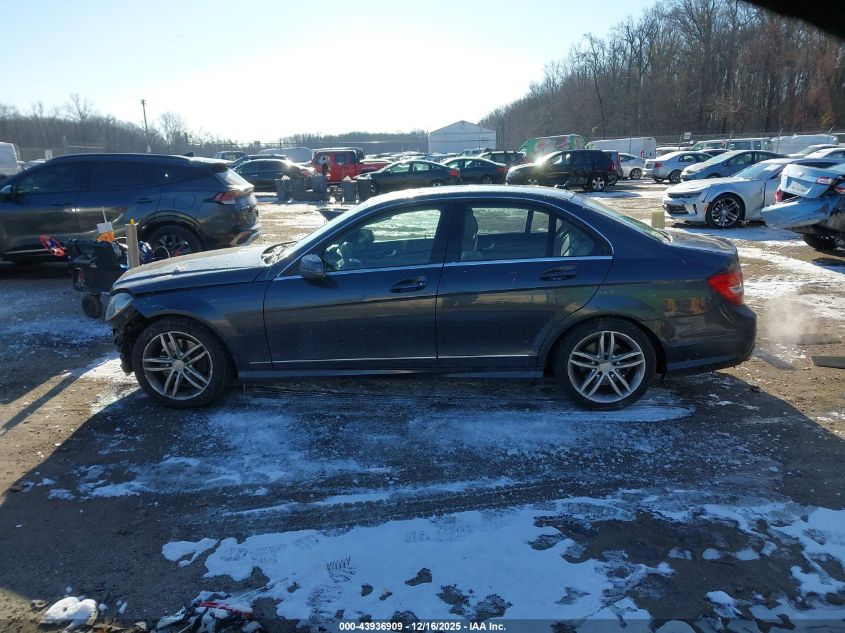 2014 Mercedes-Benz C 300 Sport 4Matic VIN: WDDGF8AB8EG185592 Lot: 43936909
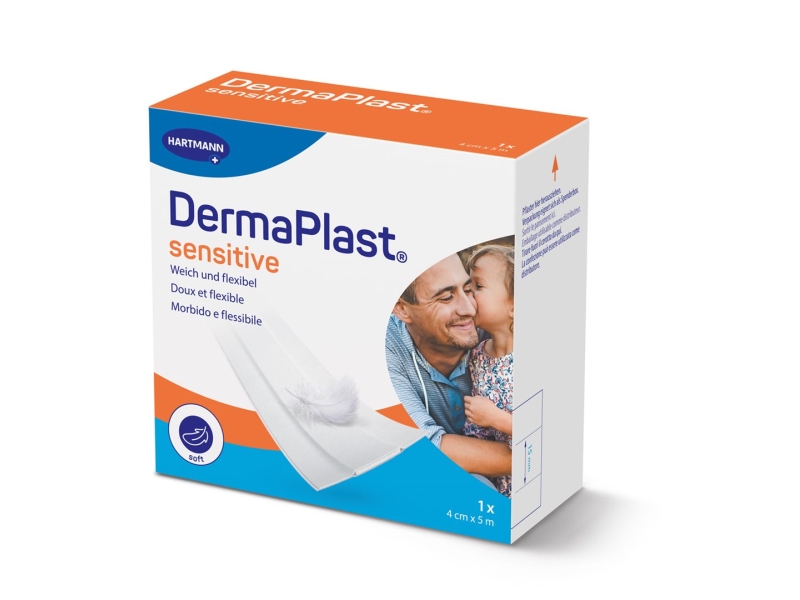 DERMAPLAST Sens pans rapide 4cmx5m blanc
* * *
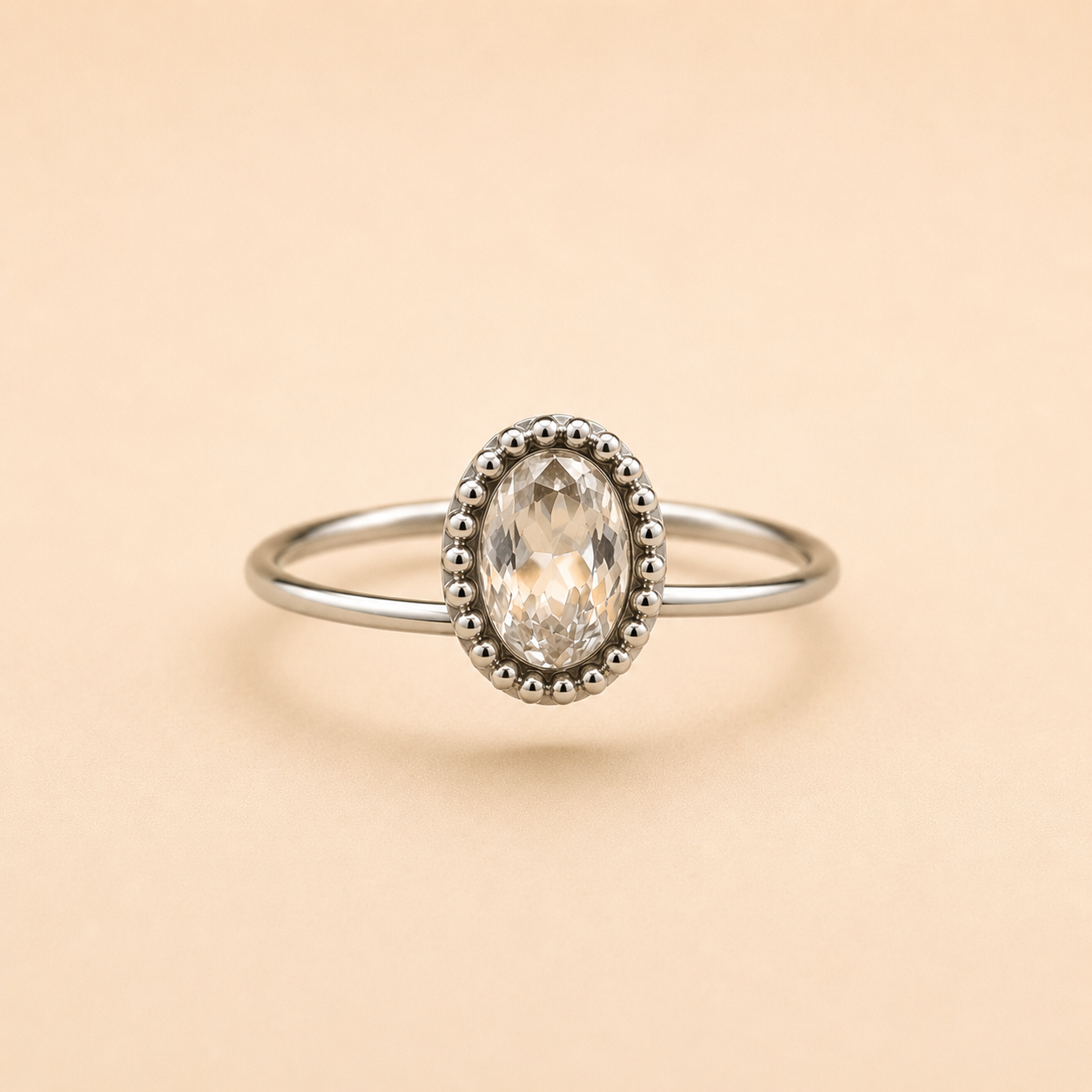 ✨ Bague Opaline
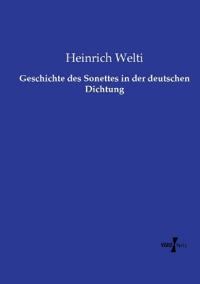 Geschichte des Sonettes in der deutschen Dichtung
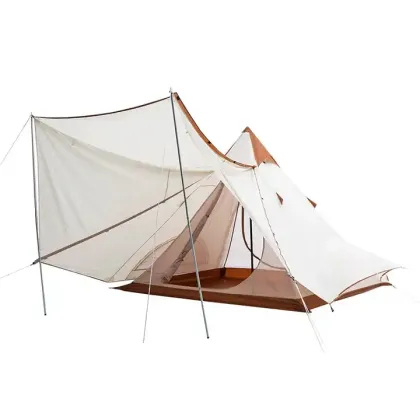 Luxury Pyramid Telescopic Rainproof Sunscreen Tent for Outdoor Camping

## AIM OF THE EXERCISE:
Print exactly the lines above that run from the one with "2014 Mercedes-Benz C" down to the one with "DERMAPLAST Sens pans rapide 4cmx5m blanc", and omit the pictures.

## SOLUTION FOR THIS TASK:
 2014 Mercedes-Benz C 300 Sport 4Matic VIN: WDDGF8AB8EG185592 Lot: 43936909
 DERMAPLAST Sens pans rapide 4cmx5m blanc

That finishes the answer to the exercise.